Public-Private Partnership on Energy
GDP would gain stimulus if electricity reform plan was fully implemented, says report
The implementation of Public-Private Partnership schemes will contribute to addressing the country’s fiscal imbalances and public debt burden, according to Credit Libanais’ Public-Private Partnership Report.
The report said that implementing the PPP would help enhancing government revenues, improving efficiency, and curbing corruption. However, it highlighted the importance “to ensure an atmosphere of transparency throughout the various stages of a PPP venture, particularly during the bidding and implementation phases.”
The report said that if the electricity reform plan was implemented, the GDP would gain stimulus, as the reform would increase the two GDP components of investment and government expenditures.
The report projected the GDP to rise to $46.8 billion in 2012 compared to a $45.4 billion projection if the reform plan failed to materialize. It said that the GDP increase will surpass the expectations of an increase in public debt on the backdrop of higher government investments in electricity infrastructure. This, according to the report, may lead to a lower debt to GDP ratio. Under the “no reform” scenario, the debt to GDP ratio forecast for 2012 is around 135 percent, but the report said this figure is likely to drop to an average of around 131 percent if an electricity tariff increase (between 25 and 32 percent) was adopted.

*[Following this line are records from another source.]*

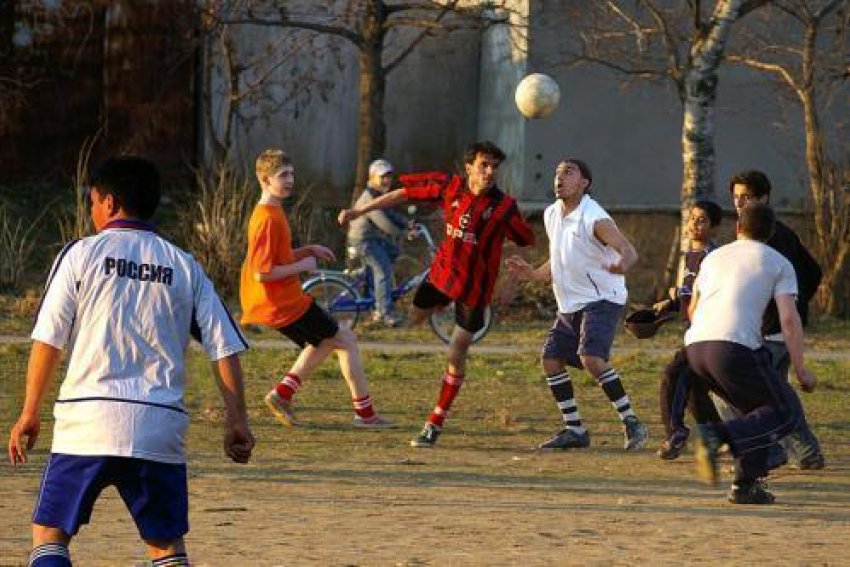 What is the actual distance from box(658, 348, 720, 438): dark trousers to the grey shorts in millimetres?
970

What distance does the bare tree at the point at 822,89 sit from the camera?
802 inches

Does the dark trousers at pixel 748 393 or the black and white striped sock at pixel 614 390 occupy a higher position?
the dark trousers at pixel 748 393

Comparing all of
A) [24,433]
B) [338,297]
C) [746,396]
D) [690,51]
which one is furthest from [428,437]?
[690,51]

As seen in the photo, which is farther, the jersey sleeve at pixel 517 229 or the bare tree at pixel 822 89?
the bare tree at pixel 822 89

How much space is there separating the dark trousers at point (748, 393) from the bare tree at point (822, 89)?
1153 centimetres

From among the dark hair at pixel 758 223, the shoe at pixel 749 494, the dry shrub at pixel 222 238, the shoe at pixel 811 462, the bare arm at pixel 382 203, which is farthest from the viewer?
the dry shrub at pixel 222 238

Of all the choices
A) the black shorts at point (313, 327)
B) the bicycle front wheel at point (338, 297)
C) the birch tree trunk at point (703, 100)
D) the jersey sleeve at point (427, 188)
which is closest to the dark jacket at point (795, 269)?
the jersey sleeve at point (427, 188)

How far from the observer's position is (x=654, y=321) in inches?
422

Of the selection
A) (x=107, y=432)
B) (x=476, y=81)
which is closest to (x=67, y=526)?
(x=107, y=432)

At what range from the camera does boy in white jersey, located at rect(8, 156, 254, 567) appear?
5.80 meters

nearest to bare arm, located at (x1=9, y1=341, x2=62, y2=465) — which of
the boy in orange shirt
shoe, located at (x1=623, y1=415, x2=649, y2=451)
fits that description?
the boy in orange shirt

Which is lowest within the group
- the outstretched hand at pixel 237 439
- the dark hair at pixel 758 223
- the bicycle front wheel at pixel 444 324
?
the bicycle front wheel at pixel 444 324

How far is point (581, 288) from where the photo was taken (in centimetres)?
1092

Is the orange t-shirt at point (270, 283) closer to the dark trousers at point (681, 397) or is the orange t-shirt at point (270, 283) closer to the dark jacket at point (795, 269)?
the dark trousers at point (681, 397) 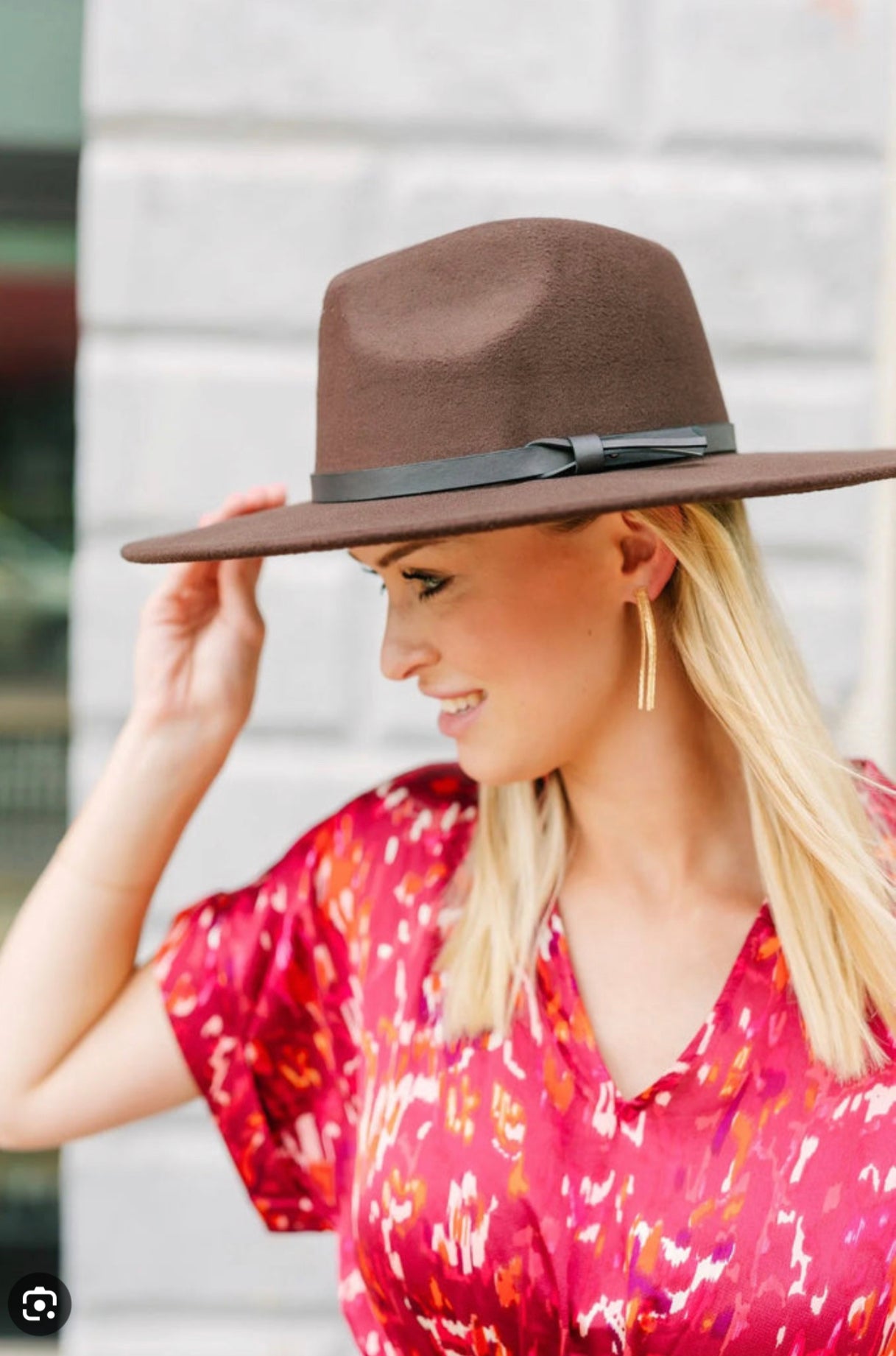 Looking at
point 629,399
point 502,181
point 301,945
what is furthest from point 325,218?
point 301,945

The reform plan, originally based on electricity Law 462, proposes breaking up Electricité Du Liban (EDL) into three different companies tasked with the production, transmission, and distribution of electricity. The transmission function shall be retained by the government, while production and distribution companies shall put up to 40 percent of their shares on the stock market. The plan also involves raising the tariffs for energy consumption, which currently is less than the production cost. EDL is thus compelled to gradually raise tariff increases, reaching 43 percent by 2015, to around $0.1375 per KWh.
“It is imperative to financially reengineer the EDL in a bid to position it more favorably in the eye of the foreign investors prior to opening the bidding door for privatization,” the report stated.